SCI mulls exit from container line business

2014-08-18

India’s largest shipowner Shipping Corporation of India (SCI) is considering a gradual reduction of exposure to its loss-making international container service.

The move comes at a time when the government is understood to have initiated a review on the relevance of SCI as a state-run enterprise, since the private sector has been coming forward in a big way to invest in the shipping sector.

SCI, the only Indian company operating an international box service, has been finding it difficult to keep its container vessels afloat in the past few years due to a prolonged slump in the freight market. It operates five boxships out of a 72-strong fleet.

“Although there has been a marginal improvement in rates compared to last year, they are still ruling at uneconomic levels,” said a shipping company official.

The Indian national carrier runs three main container services from India – to Europe, the Far East and West Asia. Some of these weekly services are operated in collaboration with other international container shipping lines.

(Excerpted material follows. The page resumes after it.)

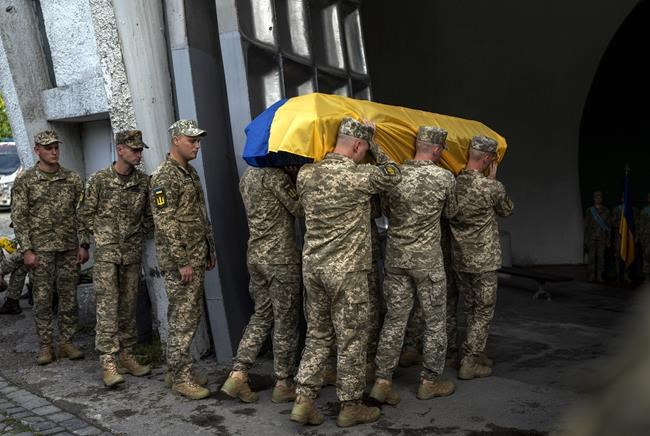 Ukraine pays tribute to Russian woman who fought on its side | iNFOnews.ca Ukraine pays tribute to Russian woman who fought on its side | iNFOnews.ca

“We are examining it [the container shipping business] minutely with a microscope; there is no point in running a continuous loss-making service,” said SCI’s chairman and managing director Arun Kumar Gupta.

“If we are pushed to the wall, and if we think there is no way we can turn around the loss-making container shipping business, we might as well close it down.”

While SCI wants to reduce its global liner operation, the company is keen on expanding its container services along the Indian coast. It is also exploring the scope of deploying some of its larger vessels for coastal operations.

The new BJP-led National Democratic Front government is expected to come out with a comprehensive shipping policy that will lean towards promoting coastal shipping, and SCI is likely to play a key role in this endeavour.

“Strategically, it would not be a wise move for SCI to exit the international container service segment entirely,” said a former senior official of the company, requesting anonymity. “Its presence in the container trade is important. Instead, the company should be rationalising its service to make it economically viable.”

SCI has been reporting losses for the past three years, and is in danger of losing its Navratna (one of the nine jewels in the Indian government’s crown) status. In fiscal 2013-14, the corporation reported a loss of INR2.75bn ($45m).